Precision and recall values reached 1.0 and 0.995 respectively (see epoch reports examples), showing full detection consistency on the validation set.
The mAP50 and mAP50-95 stabilised at 0.995, confirming robustness in localisation and classification tasks.
Validation losses (val/box_loss = 0.163, val/cls_loss = 0.38, val/dfl_loss = 0.72) decreased steadily, indicating model generalisation to unseen images.

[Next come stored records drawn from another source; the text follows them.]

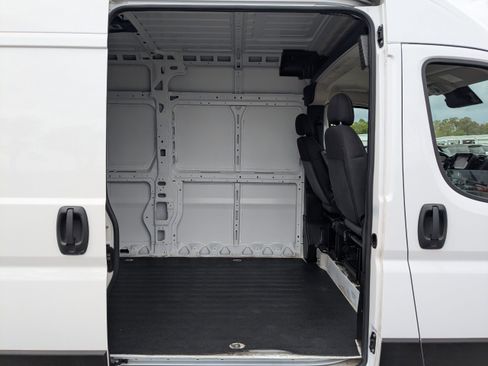 Used 2025 RAM ProMaster 2500 w/ Convenience Group image 16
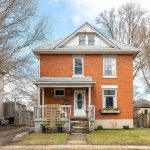 3-bedroom detached home for sale in Perth — 194 Peel Street S (Photo 4)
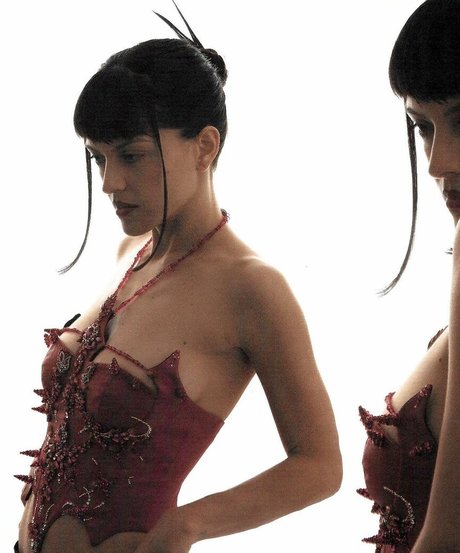 Maria Zardoya nude model photos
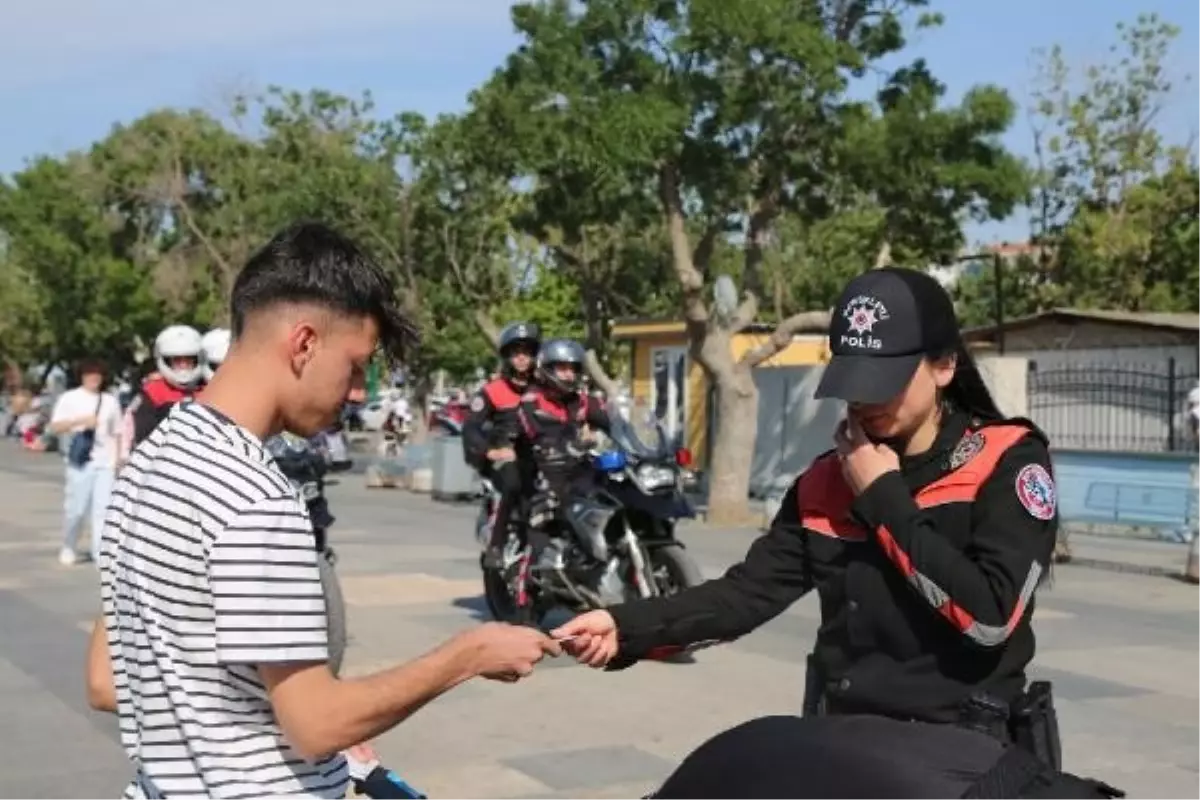 İstanbul'da Kaçak Göçmen Denetimi: 354 Kişi Kaçak Çıktı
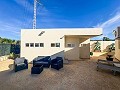 Charmante Villa met Zomerse Keuken en Gastenhuis op 15 Minuten van het Strand in Daft on Spain 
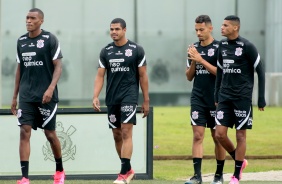 Jogadores da base durante dia de treino do Corinthians, no CT Dr. Joaquim Grava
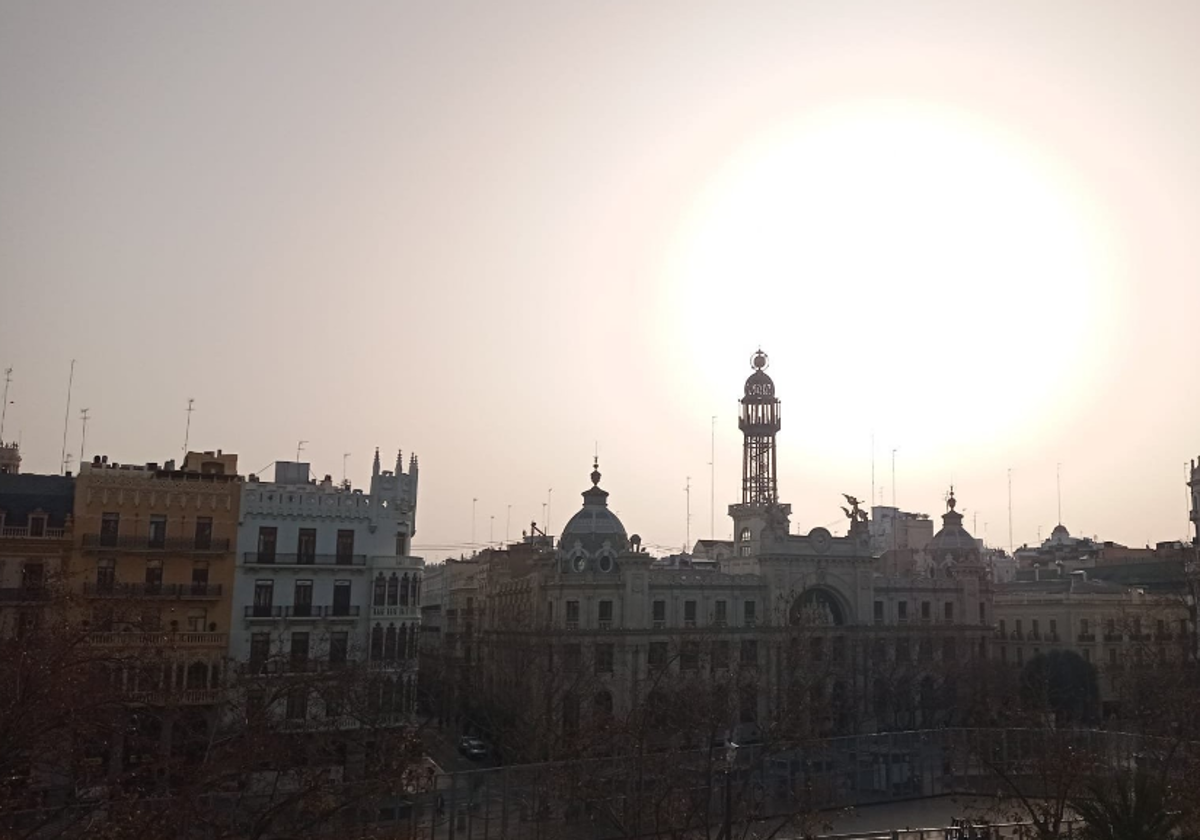 Imagen tomada este lunes en la plaza del Ayuntamiento de Valencia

While 204 unique images were used for labeled training and validation, each image was augmented (rotation, scaling, illumination changes), effectively expanding the training set and providing cross-room and cross-device robustness.
Hence, the claim of accuracy and generalisation is supported by quantitative evidence from the model’s training convergence rather than dataset volume alone.
We add this to subsection "Creating Simple Models for Object Detection":
"\subsubsection{Training Convergence and Validation Consistency}
The YOLOv8 model was trained over 25 iterations for 500 epochs using 204 labeled images with geometric and illumination augmentation. The training at a certain point had the validation losses and learning rates fully stabilised, confirming convergence.
Table~\ref{tab:training_metrics} summarises the evolution of precision, recall, and mean average precision (mAP) during training.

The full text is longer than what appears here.